*Raw data*:

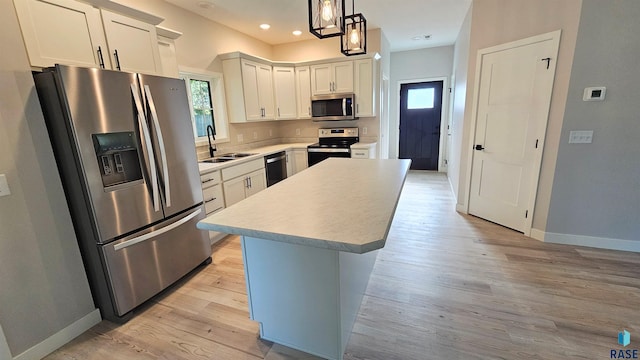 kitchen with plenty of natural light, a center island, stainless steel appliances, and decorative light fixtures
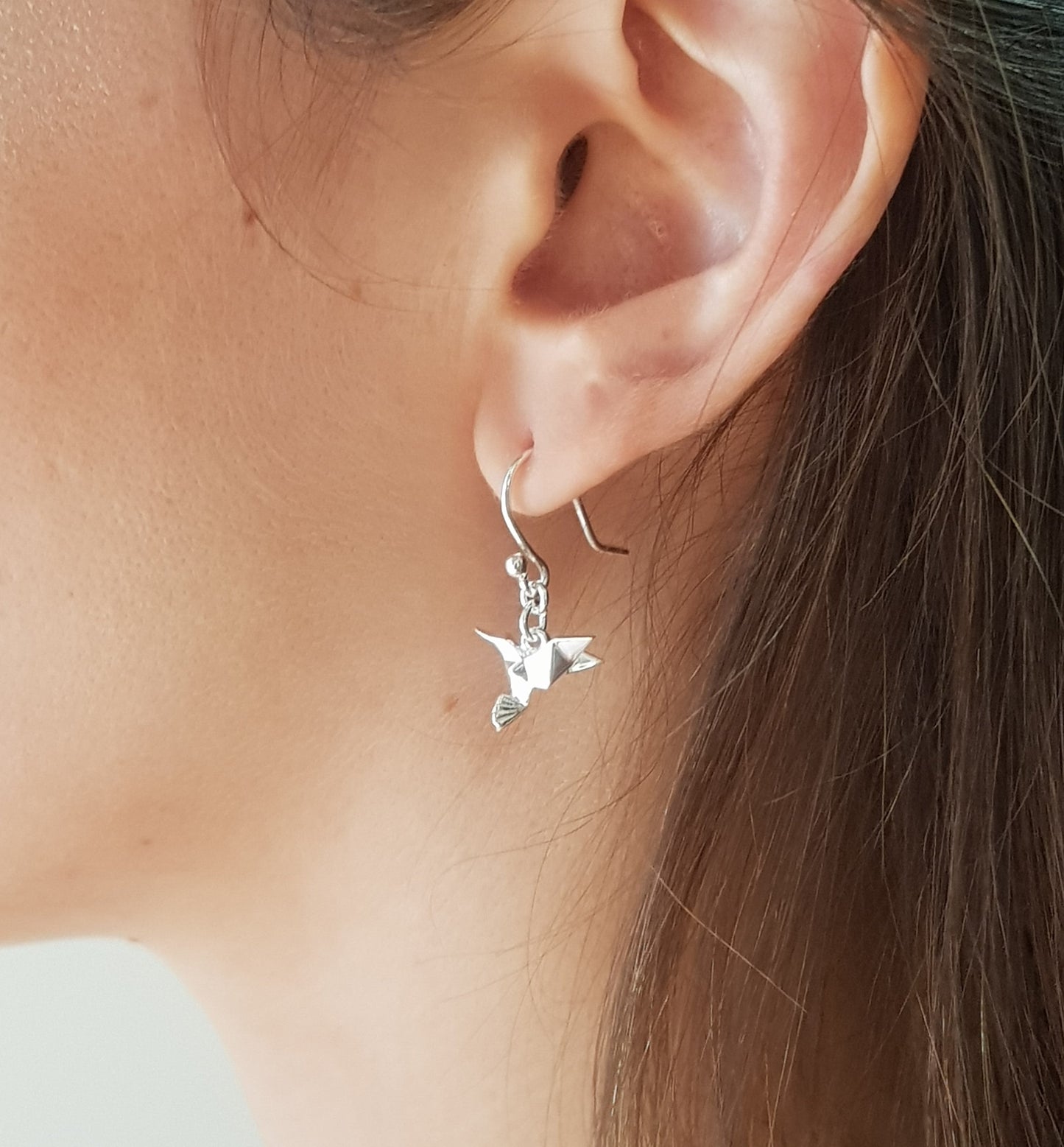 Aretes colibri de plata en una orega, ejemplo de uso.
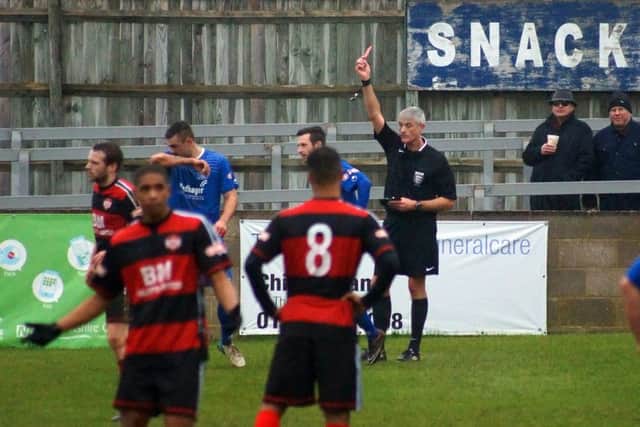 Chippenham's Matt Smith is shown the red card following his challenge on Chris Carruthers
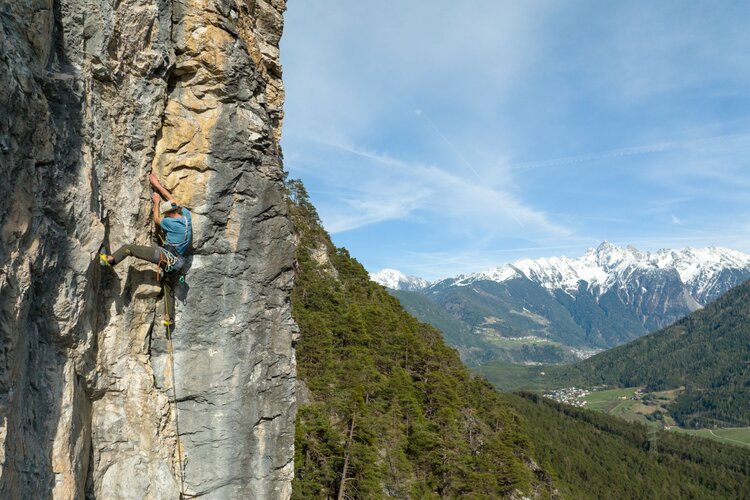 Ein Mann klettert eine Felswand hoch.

*Task prompt*: Leaving the pictures out, copy exactly the lines from the line that contains "Chippenham's Matt Smith" to the last line of the data, both ends included.

*Solution to this problem*:
 Chippenham's Matt Smith is shown the red card following his challenge on Chris Carruthers
 Ein Mann klettert eine Felswand hoch.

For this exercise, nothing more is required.